PDA

View Full Version : [ubuntu] .exe trojan in Ubuntu



RogerDavis
February 18th, 2011, 07:51 PM
I don't have Wine or any other method of using Windoze on this machine.

I found the below in a scan:
/home/roger/.local/share/Trash/files/0.0036577223645151147.exe Trojan horse Crypt.ACSA
Please note that it is a .exe file.

So the following questions naturally come up:
1) How did it find it's way onto the hard drive of this exclusively Ubuntu system? How can I stop future cootie files?
2) My presumption is that it is powerless on this system, just delete it and forget it?

Copper Bezel
February 18th, 2011, 08:46 PM
To the latter, yes - even if it was running under Wine, it probably couldn't do anything hostile, and I can't imagine it's even marked as executable.

To the former, either something embedded in a webapp or a tricky link downloaded it to your machine.

3Miro
February 18th, 2011, 08:59 PM
I don't have Wine or any other method of using Windoze on this machine.
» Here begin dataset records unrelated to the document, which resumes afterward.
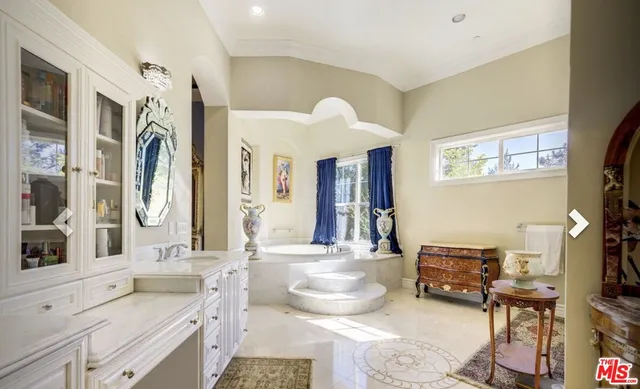 a spacious bathroom with a double vanity sink double mirror and a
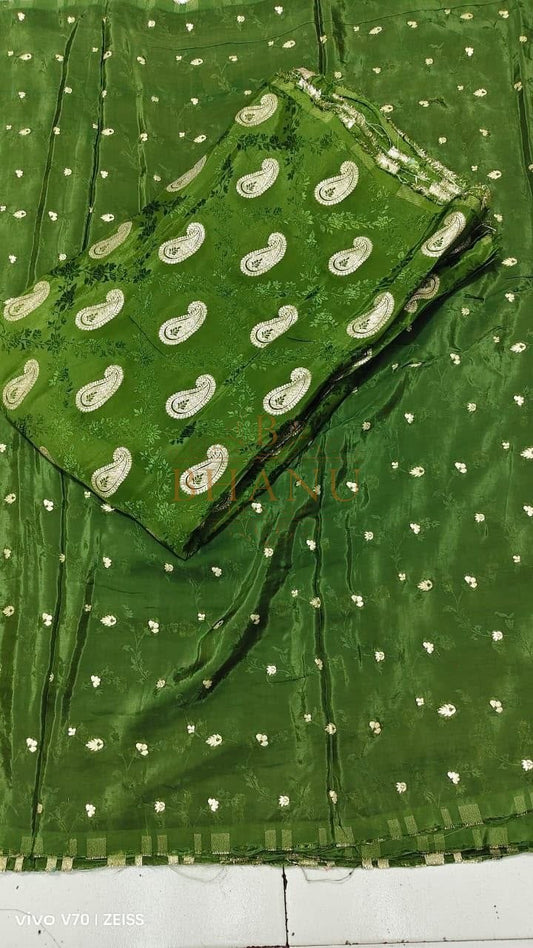 Green with a white paisley print - fabric by the metre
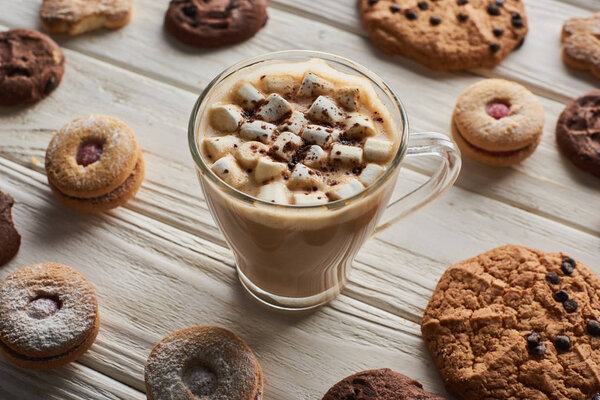 cacao with marshmallow in mug near cookies on white wooden table
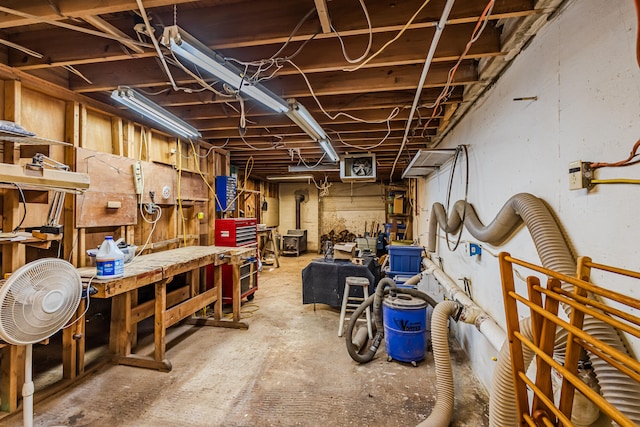 basement with a workshop area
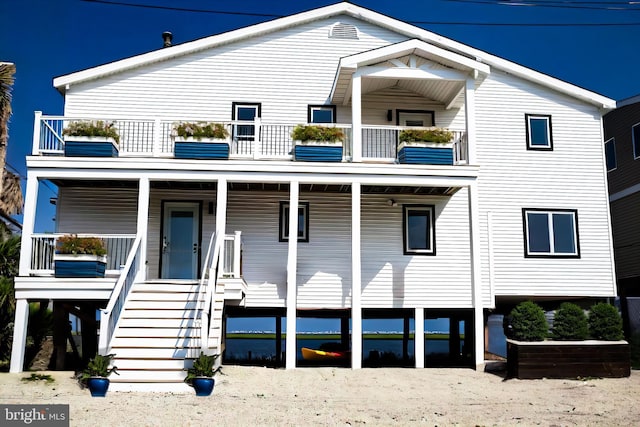 view of front facade featuring a balcony and covered porch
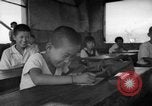 Image of school children in Hiroshima after atomic bomb Hiroshima Japan, 1946, second 28 stock footage video 65675072452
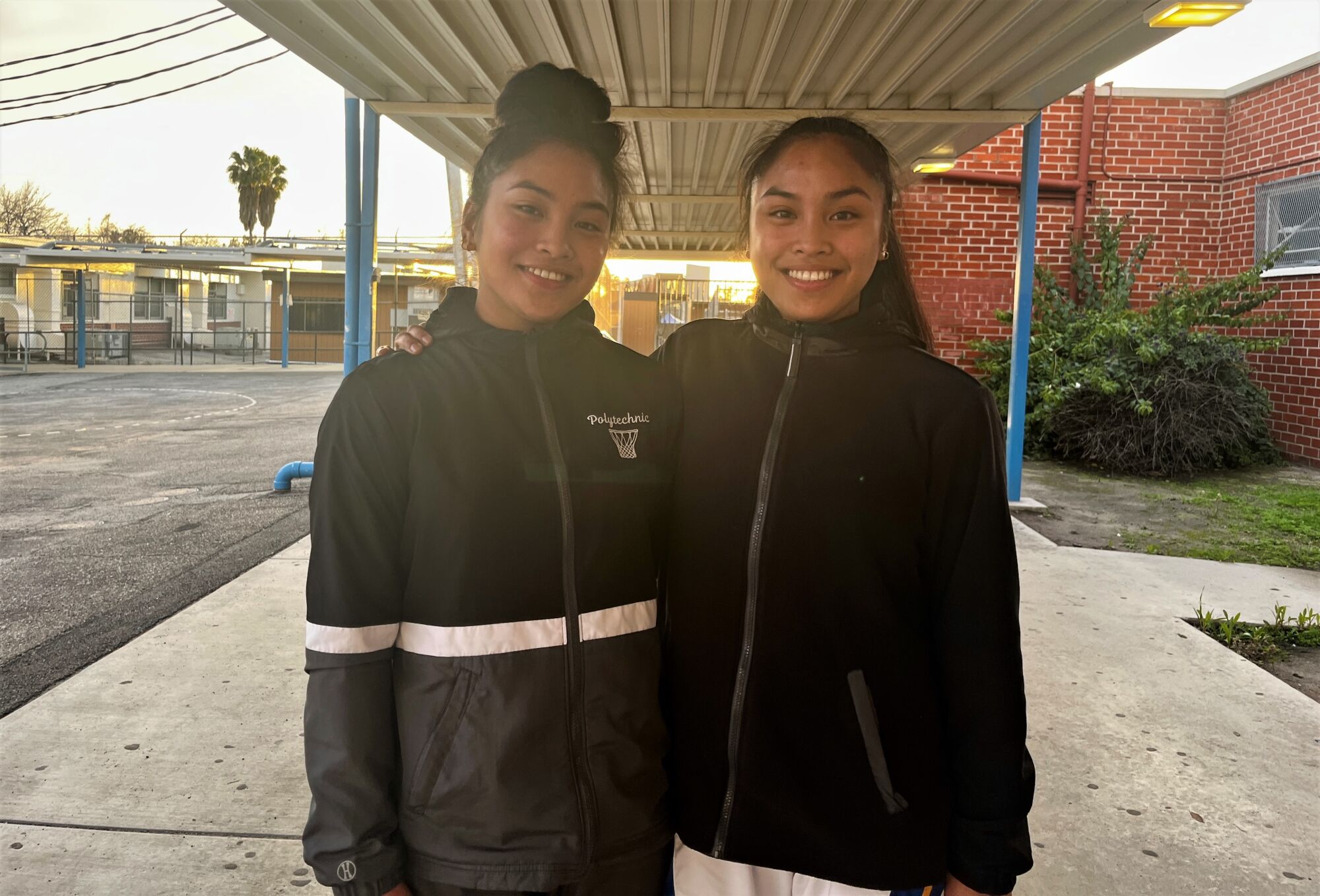 Twins Heart and Hannah Lising pose for a photo at Sun Valley Poly High.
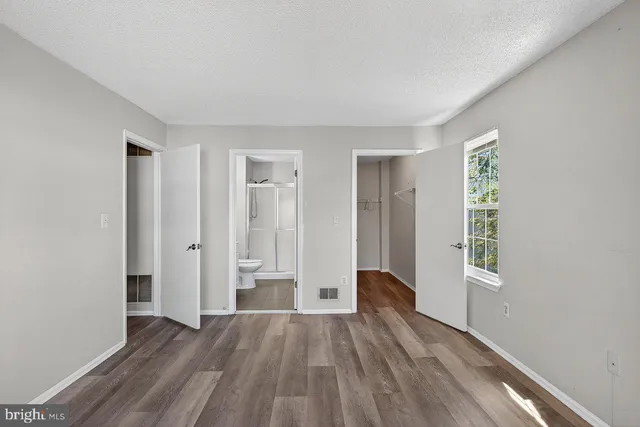 a view of an empty room with window and wooden floor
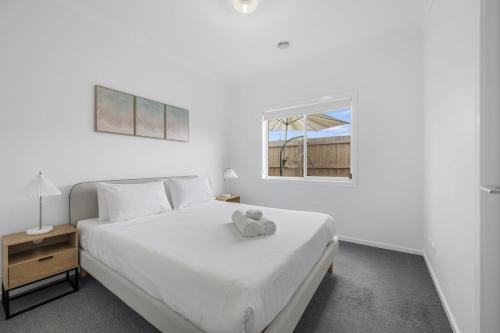 a white bedroom with a white bed and a window at Opal Villa in Warrnambool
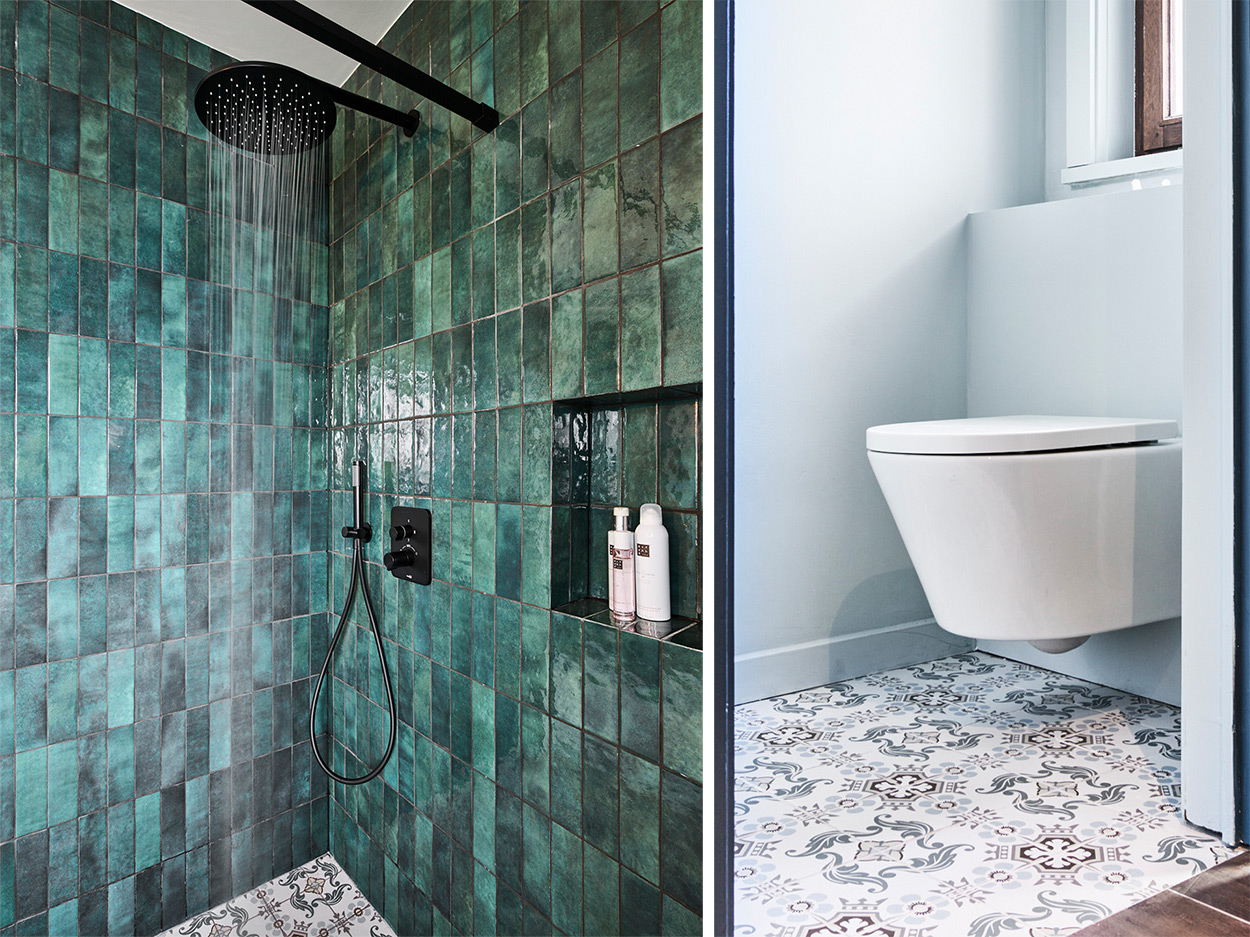 In diesem modernen Badezimmer von x²o Badezimmer ist eine bodengleiche Dusche mit glänzenden, grün-blauen Wandfliesen zu sehen, die vertikal verlegt sind. Die Dusche verfügt über eine schwarze Regendusche und eine passende Handbrause. In der Wand befindet sich eine eingelassene Nische mit Pflegeprodukten. Der Boden ist mit gemusterten Fliesen in Blau- und Grautönen gestaltet.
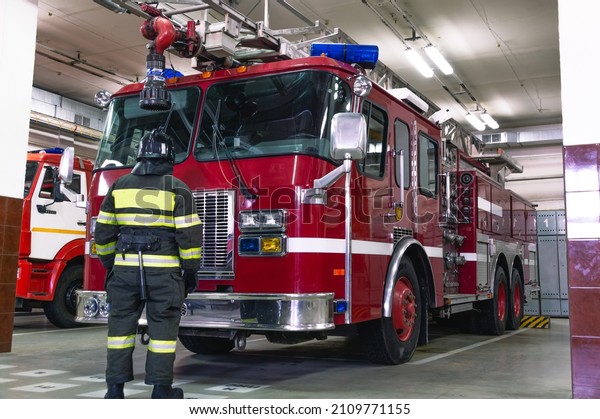 A\
firefighter in special clothes stands in front of a fire truck. A\
fire truck at the fire station. Rescue\
service.
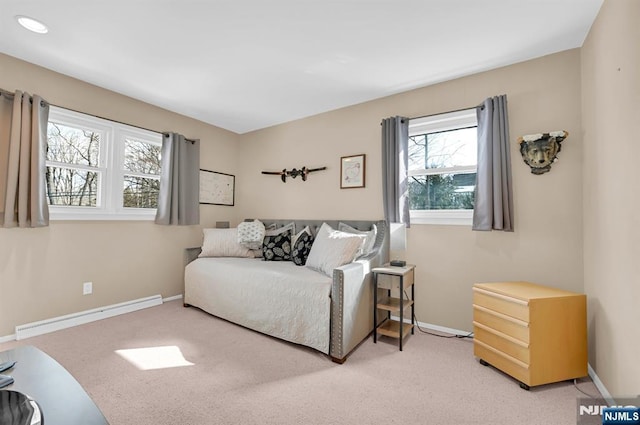 living area featuring baseboards, baseboard heating, and carpet flooring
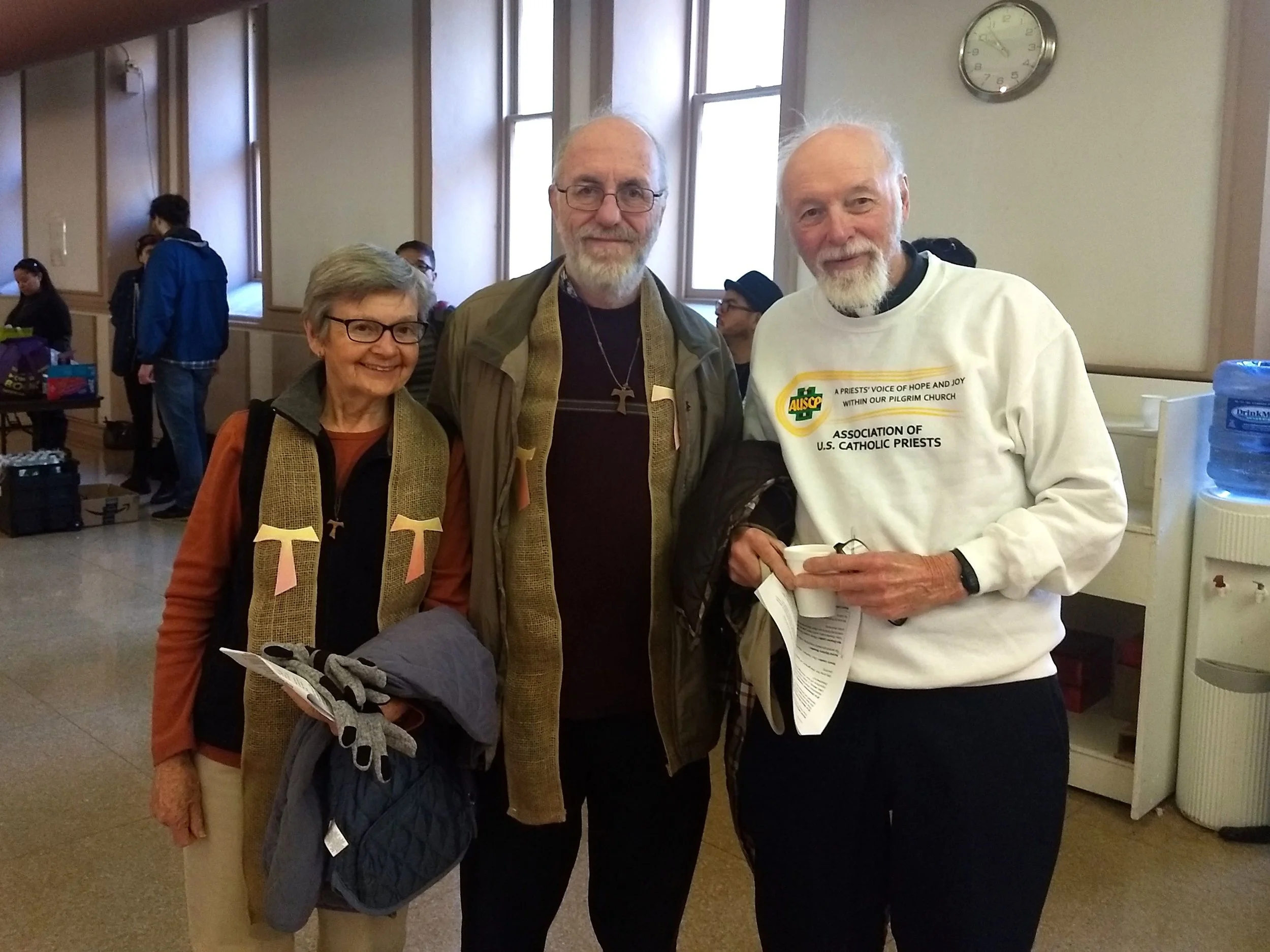 Sister Maria Lucey, associate director of the Franciscan Action Network, Patrick Carolan, FAN executive director, and Father Bernard Survil, pose before departing a staging area for the Catholic Day of Action.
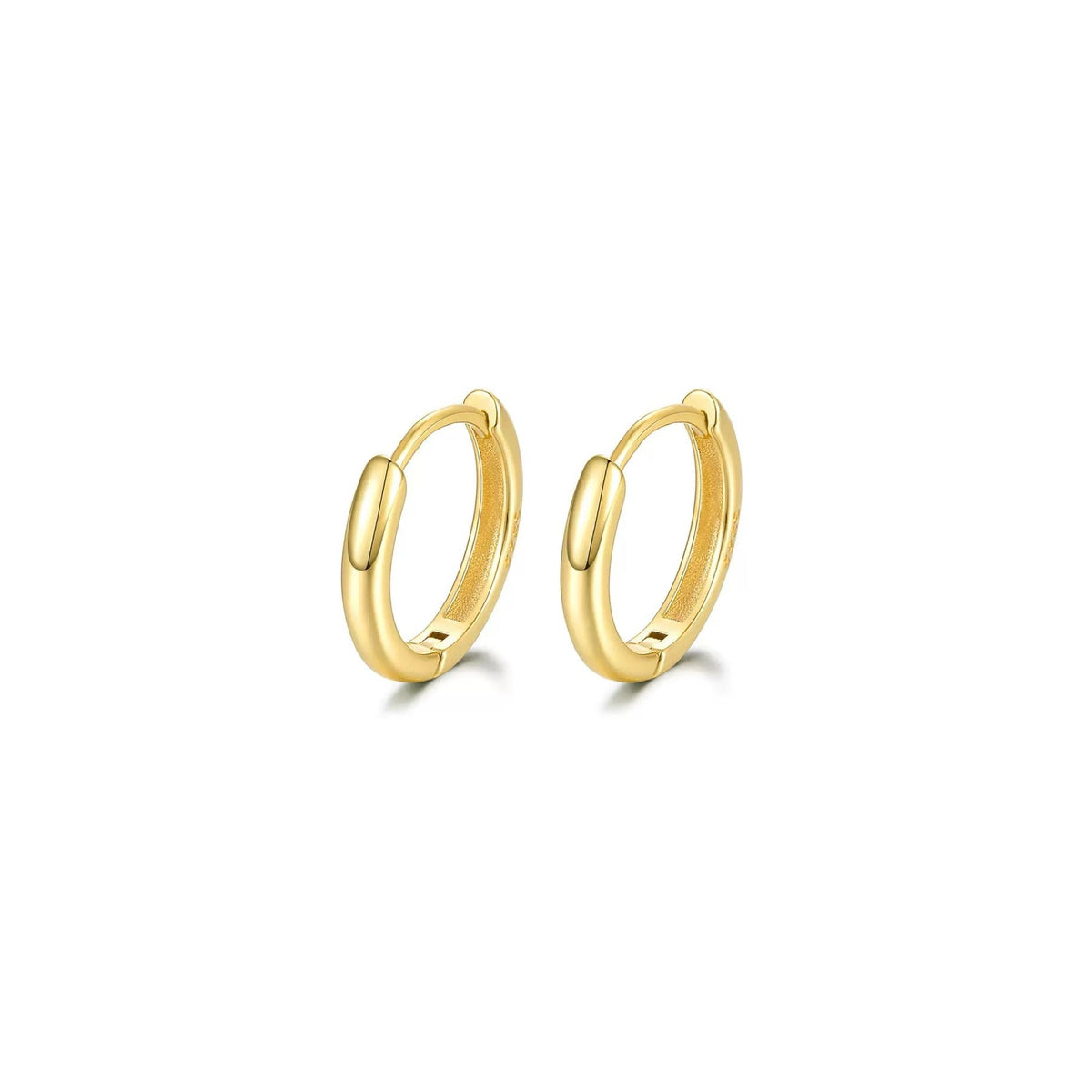 Gold hoop earrings on a white background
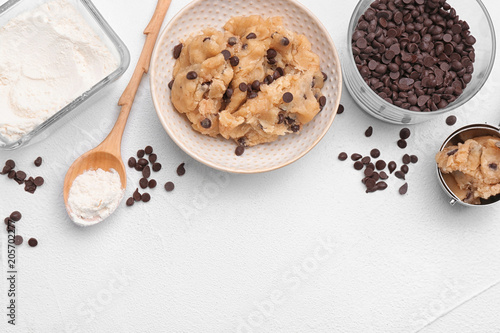 фотография Flat lay composition with cookie dough, chocolate chips and flour on light backg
I found the below in a scan:
/home/roger/.local/share/Trash/files/0.0036577223645151147.exe Trojan horse Crypt.ACSA
Please note that it is a .exe file.

So the following questions naturally come up:
1) How did it find it's way onto the hard drive of this exclusively Ubuntu system? How can I stop future cootie files?
2) My presumption is that it is powerless on this system, just delete it and forget it?

1) Browser cookie, flash, e-mail attachment ... something along those lines. It makes little difference since it cannot damage anything.
2) For an .exe to do damage under Linux, wine has to be installed and you have to explicitly say "run" with wine. Even then, most of windows malware doesn't run under wine since you have the second layer of protection by Linux.

ubun2geek
February 18th, 2011, 11:54 PM
ahhh... get rid of it, it won't hurt anything though. Linux is not windows.

wilee-nilee
February 19th, 2011, 01:18 AM
I vote false positive.

bobcollard
February 19th, 2011, 03:48 AM
Interesting, how it could get in there, since everything in my trash I put there and except for the user name the address is the same for that file on my system.